At last, we also conduct some experiments to demonstrate the effectiveness of our exemplified scenario for dividing the coefficients into CG and RG. There are three steps in our test: 1) randomly select 1,000–3,000 coefficients belonging to CG or RG for modification (i.e., randomly minus or plus one); 2) use CDF to extract features from the cover and modified images; 3) employ the ensemble classifier to differentiate the cover and modified images. The experimental results are shown in Table 1. As seen, when the coefficients belonging to RG are selected for modification, the cover and modified images are easier to be differentiated. For example, even if the number of coefficients (belonging to RG) selected for modification is as few as 1,000 bits, the final differentiation error rate is about 0.02 %. However, if the 1,000 coefficients selected for modification belongs to CG, the final differentiation error rate will be as high as 13.2 %. Note that dividing the coefficients into CG and RG can not only improve the security performance of the JPEG steganography, it can also improve the visual quality of the stego images. In Table 1, we also illustrate the average peak signal-to-noise ratios (PSNR) between the cover images and the modified images. It is observed from Table 1 that when modifications are made on those coefficients belonging to CG, much better visual quality can be obtained.

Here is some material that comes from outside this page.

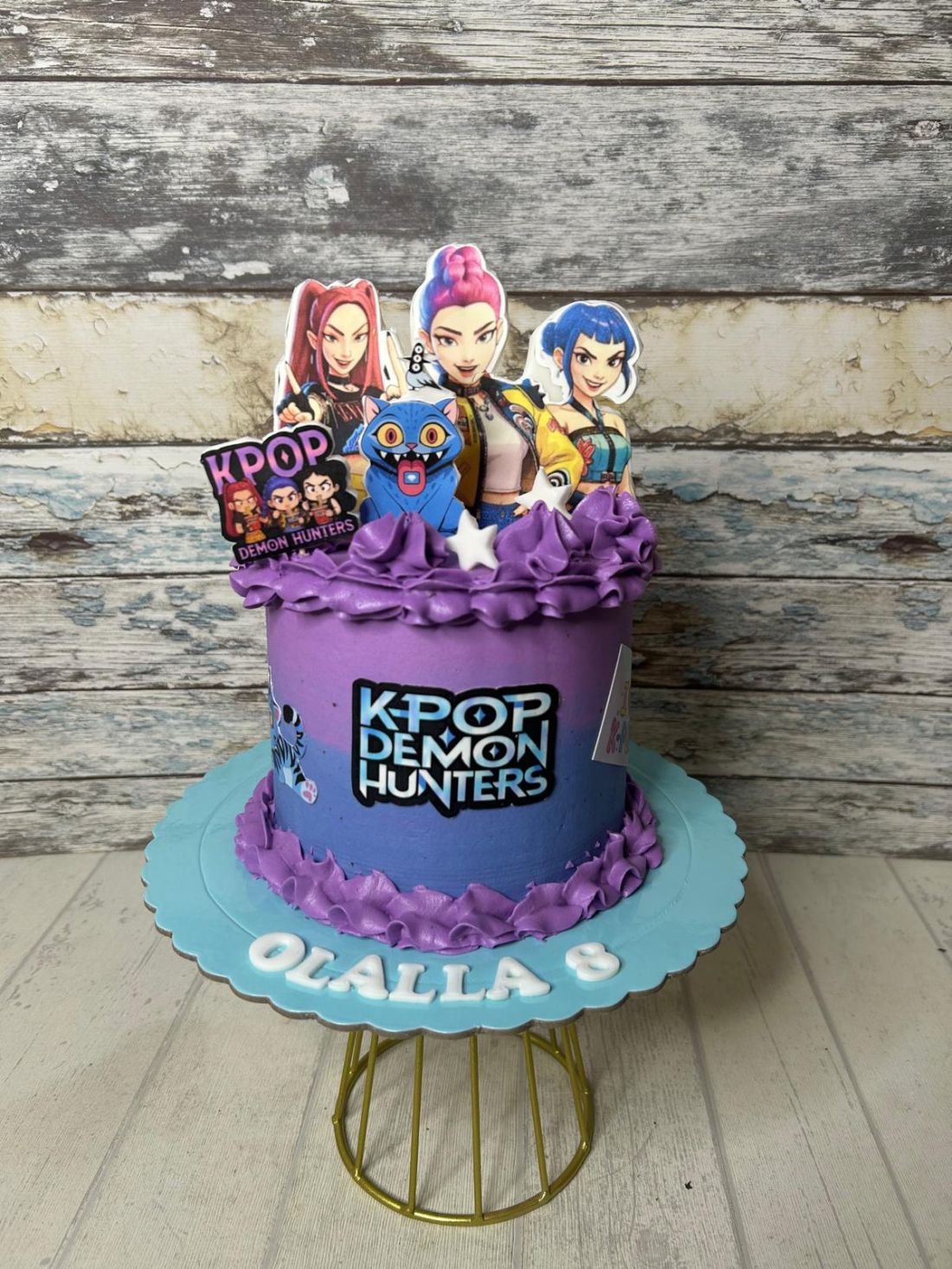 Tarta fondant temática de K pop Demon Hunters con degradado violeta y azul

Table 1 The detection error rates corresponding to different the number of modified coefficients

4 Conclusions

JPEG is one of the most common image formats produced by digital cameras, scanners, and various photographic image capture devices nowadays. Therefore, hiding secret message into JPEG images may provide effective camouflage. In order to improve the security performance of JPEG steganography, generally there are two approaches, i.e., channel-codes embedding and distortion function designing. However, different from that of channel-codes embedding there is a theoretical bound that can be utilized to judge the embedding efficiency, while for distortion function designing, there is no absolute standard until now. Designing distortion function of JPEG steganography is a hard and open problem. In this paper, we presented a framework for designing distortion functions of JPEG image with pre-cover image. The main contributions of our framework are as follows.

  1. 1)

    The proposed framework has good practicability. Via using it, a lot of advanced distortion functions can easily be generated to form a series of JPEG steganographic schemes with high security performance. It is an efficient way to confuse today’s steganalyzers and move steganography from the laboratory into the real world.

  2. 2)

    Our proposed framework is an open system. It will not be constrained to the aforementioned dividing scenario and ordinary distortion functions. Other dividing scenarios and ordinary distortion functions can be adopted easily in our framework to generate a series of new advanced distortion functions.

  3. 3)

    Several general rules for evaluating the detectable distortion associated with the DCT coefficients are illustrated in this paper, which may provide some insight into the kind of distortion function designing work in the future.